Glasses

By Stephanie Baculi

 

One day in March 2000, my mom picked me up at school. When we were in the car my mom said, "We’re going to your grandma’s eye doctor to check Spencer’s and your eyes." Spencer is my 12-year-old brother. Most of the time he’s a real pain, but sometimes he’s really nice.

When we got to the eye doctor, Spencer had come with my grandma. We went to the waiting room.

After a long wait and watching people come and go, the doctor finally called Spencer. "Spencer, would you come with me please?" the eye doctor asked him. He followed the doctor into the room to check Spencer’s eyes.

When Spencer came out, I had to go in. I followed the eye doctor into the room. First, I looked through a weird machine at a chart of letters. I read all of them, even the very smallest (they weren’t that small). "Very good," said the doctor.

The last part was the worst. Eye drops! He put 3 drops in each of my eyes. It really stung! And if that weren’t bad enough, until my next visit, my mom had to put the drops in my eyes every 3 minutes! Eventually they stopped hurting, but every thing was blurry.

On my next visit, I found out that I had to wear glasses! But then I found out I just had to wear them for reading or writing.
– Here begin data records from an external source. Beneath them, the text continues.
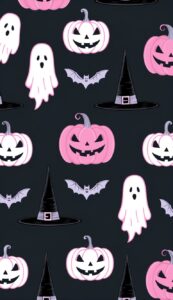 pink Halloween Pattern Background Illustrations Wallpaper 2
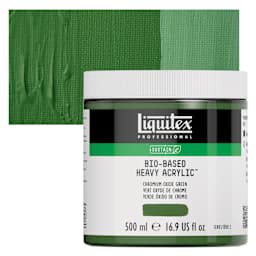 Liquitex Bio-Based Heavy Acrylic Paint - Chromium Oxide Green, 500 ml jar and swatch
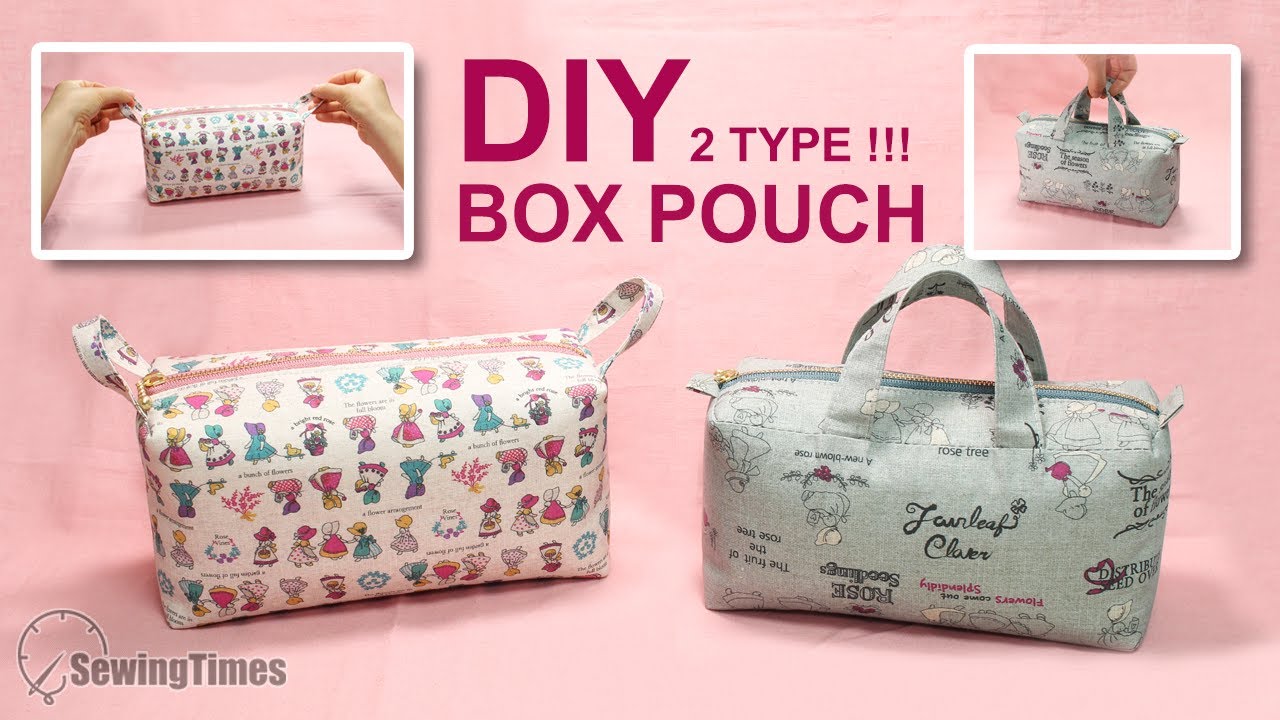 DIY EASY BOX POUCH - 2 TYPE | Makeup Bag Travel Toiletry bag Tutorial [sewingtimes]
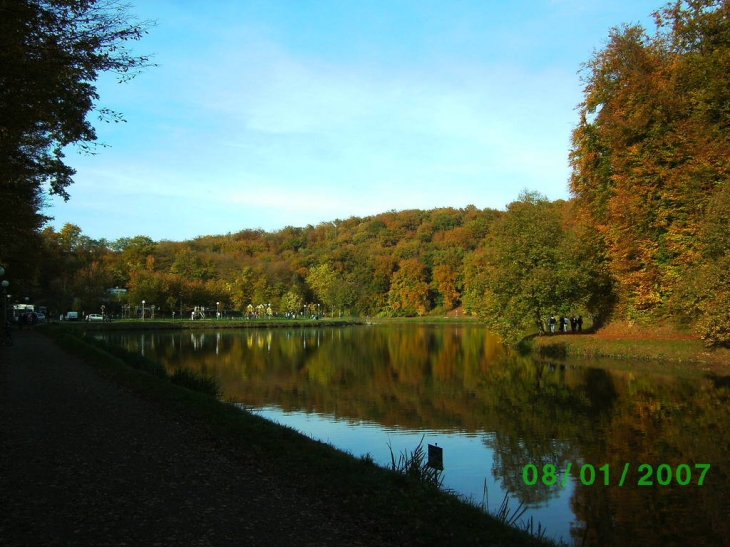 Plan d'eau, vue de l'ancienne voie férrée - Briey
We went down to the glasses shop on the first floor to get glasses for my mom and me. Spencer didn’t need glasses. I choose blue and pink thin striped metal glasses.

Before, I kept getting headaches when I was reading or writing. Now I know why.

Sometimes I read at night. When it’s time to sleep, I put my book and glasses on my nightstand. Then, sometimes in the morning when I’m getting ready for school, I forget to put my glasses in my binder. I’m okay though. I don’t get headaches.

I’m glad I don’t get headaches in school anymore. It’s weird how glasses can change a person.